Databricks upgrades platform with Spark 4.0
Databricks has released Runtime 17.3 LTS, which is powered by Apache Spark 4.0.0. The update includes performance improvements, enhanced REST API endpoints for Unity Catalog and Iceberg tables, and makes Scala 2.13 the default language, impacting long-term migration plans for data engineering teams.

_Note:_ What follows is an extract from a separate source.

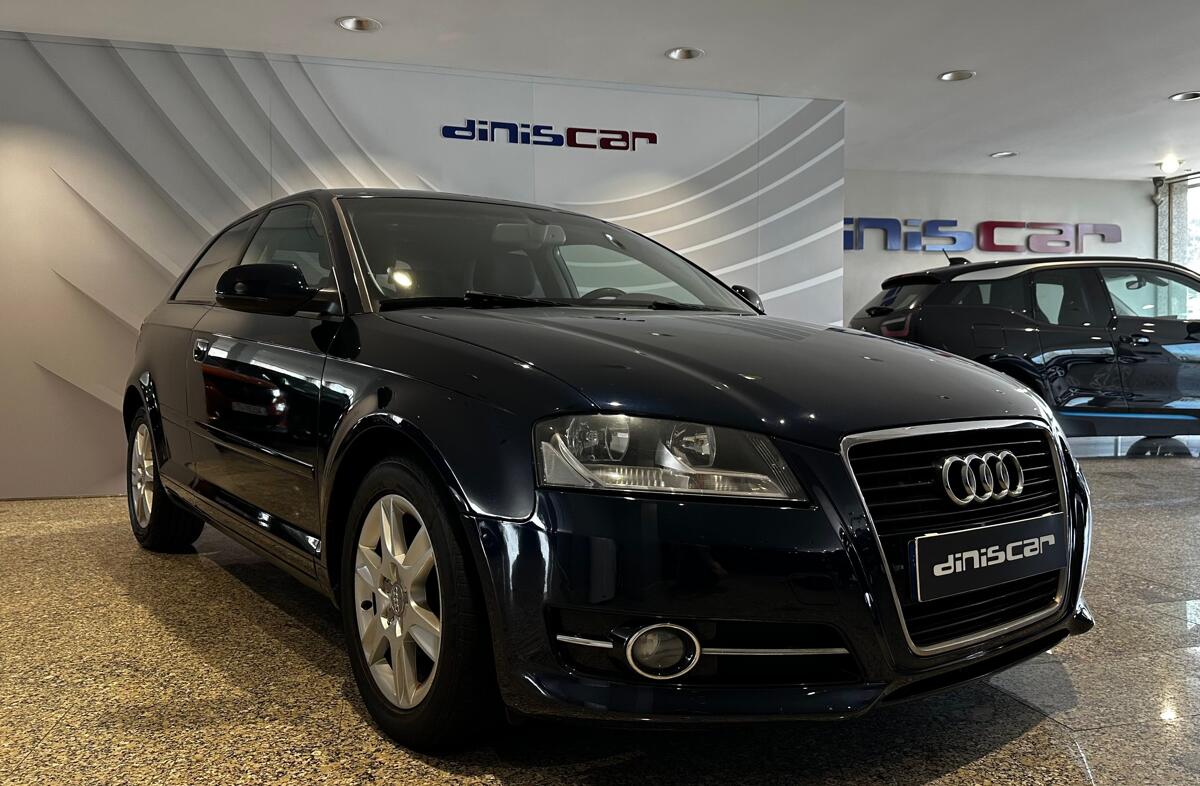 AUDI A3 1.6 TDi Attraction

- The upgrade to Spark 4.0 introduces a native `VARIANT` data type, designed for efficiently storing and querying semi-structured data like JSON without costly parsing. This can lead to up to 8x faster query execution on nested fields, a significant improvement for handling complex policy or claims data. - For MLOps, Spark Connect is now generally available and supports the full MLlib API, allowing machine learning models to be trained remotely from a lightweight Python client (~1.5 MB). This architecture separates the client application from the Spark cluster, enabling more flexible and scalable ML pipeline deployments. - Python functionality has been expanded with a new Data Source API, which allows developers to create custom connectors entirely in Python, removing the previous need for Java or Scala knowledge. Additionally, a unified profiling system for PySpark User-Defined Functions (UDFs) has been introduced to help identify performance and memory bottlenecks. - The default switch to ANSI SQL mode enforces stricter data quality rules, throwing runtime exceptions for invalid operations rather than returning nulls. This aligns Spark's behavior with traditional databases and can improve data integrity for risk modeling and actuarial analysis. - Under the hood, Scala 2.13 brings a completely redesigned collections library and a 5-10% improvement in compiler performance over Scala 2.12. For teams with existing Scala codebases, this change requires careful planning for migration due to potential incompatibilities in collections handling. - Structured Streaming receives a new `transformWithState` operator for more flexible and efficient stateful stream processing, along with the ability to directly query a stream's internal state as a table for improved debugging and observability. - While Spark 4.0 brings performance gains through features like enhanced Adaptive Query Execution, Databricks further accelerates workloads with its proprietary Photon engine. Photon is a C++ based vectorized execution engine that runs transparently with Spark APIs and has shown to provide 3x-8x speedups for SQL and DataFrame workloads on average.